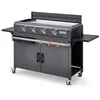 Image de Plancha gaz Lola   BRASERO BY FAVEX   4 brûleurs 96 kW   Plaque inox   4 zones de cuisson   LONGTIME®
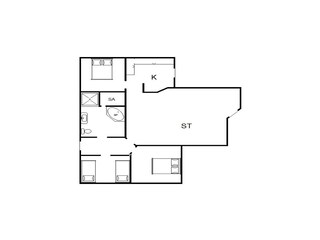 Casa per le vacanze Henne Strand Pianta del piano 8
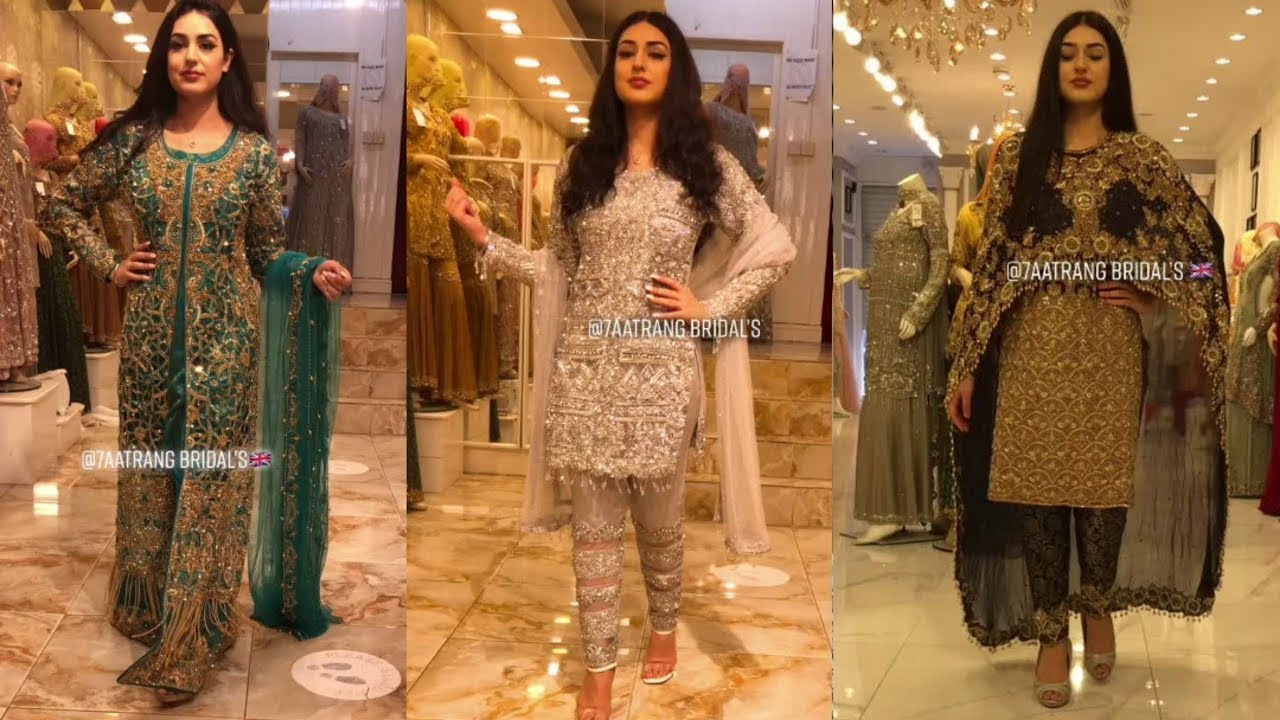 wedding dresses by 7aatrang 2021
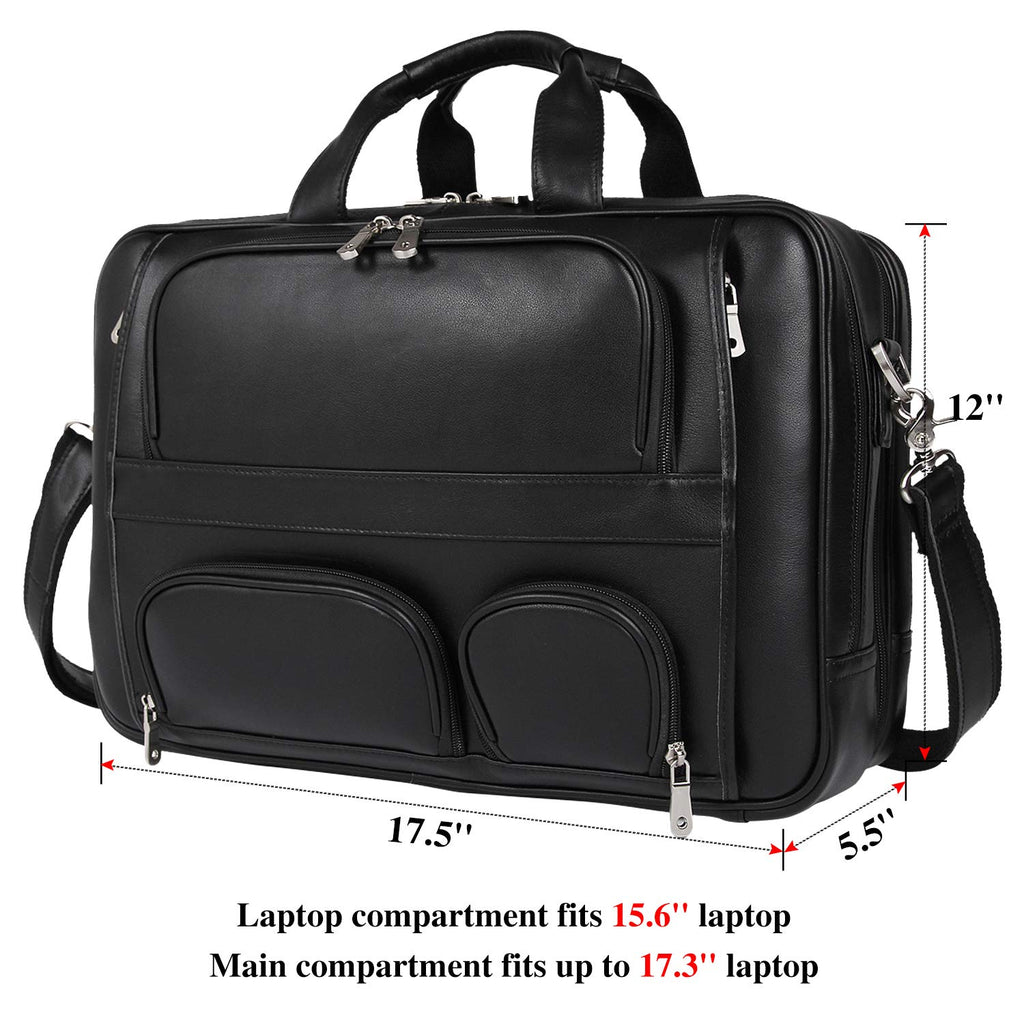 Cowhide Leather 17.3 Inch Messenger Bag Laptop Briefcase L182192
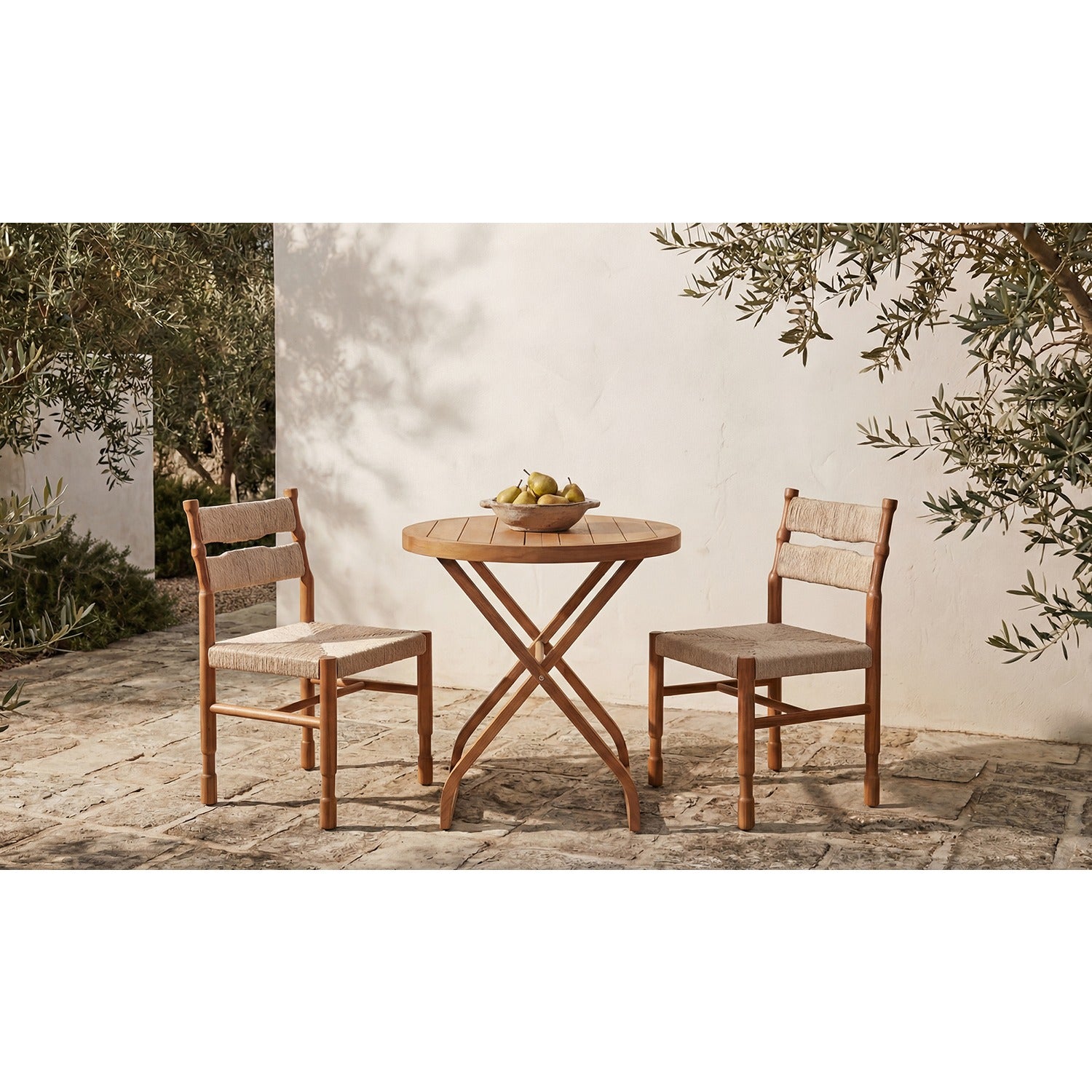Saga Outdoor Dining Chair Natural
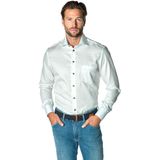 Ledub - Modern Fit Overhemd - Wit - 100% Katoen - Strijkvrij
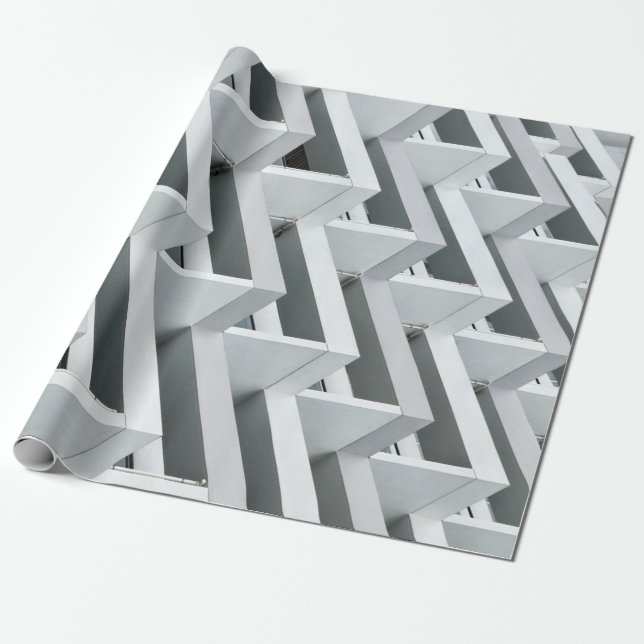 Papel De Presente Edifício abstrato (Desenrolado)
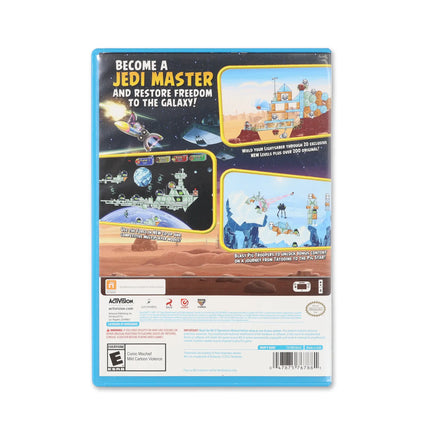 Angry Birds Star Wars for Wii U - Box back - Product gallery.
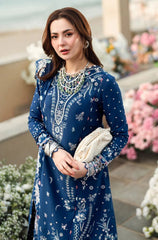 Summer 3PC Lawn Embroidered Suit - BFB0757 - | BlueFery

# [WORK INSTRUCTION]
Omit the pictures and retype exactly the lines from the one containing "Angry Birds Star" through the end of the entries above.

# [ANSWER TO THE EXERCISE]
 Angry Birds Star Wars for Wii U - Box back - Product gallery.
 Summer 3PC Lawn Embroidered Suit - BFB0757 - | BlueFery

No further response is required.